Il caso è esploso lo scorso week-end ed è finito subito sulla cronaca nazionale, oltre che in consiglio comunale: una discoteca di Bologna, l'Artèria di vicolo Broglio, avrebbe lasciato fuori un ragazzo perchè di colore scatenando un putiferio e un titolo di stampa contenente la parola apartheid: "Un accanimento mediatico ingiustificato. E pensare che la mia è persino una famiglia mista, ho una moglie giamaicana e dei bambini 'colorati' - spiega Domenico "Mimmo" Migliaccio, il titolare dell'attività - e che nel mio locale non c'è mai stata discriminazione di alcun tipo: c'è integrazione e organizziamo da sempre feste a base di musica black come il reggae. L'altra sera il buttafuori stava cercando di capire che personaggio avesse di fronte prima di farlo entrare e quando poi ha detto al gruppetto che poteva scendere, loro risentiti hanno rifiutato e se ne sono andati. Ma la nostra è semplice tutela".

Come commenti la reazione dell'Assessore Amelia Frascaroli, che ha consigliato di boicottare il tuo locale? Francamente da lei non mi aspettavo una reazione così di superficie, è un politico che stimo e in questo caso specifico credo abbia agito di impulso senza approfondire minimamente la questione. Cosa che invece andava fatta.

Qual è il tuo stato d'animo in questo momento? Hai ricevuto dei messaggi di solidarietà, magari da chi frequenta la tua discoteca e conosce la filosofia del locale? Sono stressato ma sereno. Sono state delle giornate pesanti e sono stato letteralmente preso d'assalto dalla stampa. Sì, moltissimi i messaggi di solidarietà arrivati sia in forma privata che su Facebook.

"BOICOTTATE I LOCALI RAZZISTI". MA L'OPPOSIZIONE: "UNA BUFALA". Dopo i primi titoli è stato l'assessore al welfare Amelia Frascaroli a commentare il fatto esortando i giovani a boicottare locali razzisti, seguita dai Giovani Democratici e poi da Matteo Lepore, che ha dichiarato che a Bologna non c'è spazio per il razzismo con l'intenzione di andare a fondo. E mentre è stato aperto un fascicolo in Procura, ieri, nell'aula del consiglio comunale c'è stato chi, seguendo la situazione critica della specifica zona dalla parte dei residenti, ha spostato l'attenzione sulla vera questione, ovvero quello della sicurezza.
"La bufala del locale razzista strumentalizzata ad arte dal PD e SEL ha creato dal nulla un caso solo per nascondere la realtà quotidiana di degrado ed insicurezza di Vicolo del Broglio e San Vitale - ha commentato Manes Bernardini, Insieme Bologna - Siamo messi così: politicanti da quattro soldi che speculano sulle bucce di banane create ad hoc! Ma quando si parlava dei centri sociali e dei danni che combinano per la città nessuna condanna? Perché non la stessa fermezza?".

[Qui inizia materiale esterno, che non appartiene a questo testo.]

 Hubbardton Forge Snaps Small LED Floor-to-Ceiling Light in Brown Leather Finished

ECCO IL VERO PROBLEMA, ALTRO CHE RAZZISMO. E quello dei residenti è un altro punto di vista infatti: "Dai vertici delle forze dell'ordine hanno fatto sapere che faranno chiarezza e valuteranno anche le chiamate ricevute nel tempo: ne troveranno tantissime perchè noi residenti da anni siamo stretti in questa morsa di degrado dovuta ai due locali e alle loro frequentazioni: dall'urina e la sporcizia ad episodi più violenti e, ultimamente anche i tossici che vengono a bucarsi e gli spacciatori che nascondono le dosi da vendere nelle fioriere della chiesa. Ma raramente ci sono stati degli interventi".

DA QUALCHE SETTIMANA UN'ATTIVITA' DI SPACCIO PIU' SPUDORATA. Ed è sempre un residente del vicolo che collega via San Vitale e Strada Maggiore a dare testimonianza di una recente intensificazione dell'attività di spaccio: "Da qualche settimana alcuni individui la sera, durante se serate più movimentate, sostano in gruppo di 3/4 all'angolo fra via San Vitale e Vicolo Broglio e sono davvero sospetti: è abbastanza chiaro che gestiscano un giro di droga collegato alla movida e al passaggio. Probabilmente i soggetti a cui è stato vietato l'ingresso sono proprio loro ed è allora comprensibile che il buttafuori (che poi di buttafuori ce ne sono diversi di colore) li abbiano rimbalzati".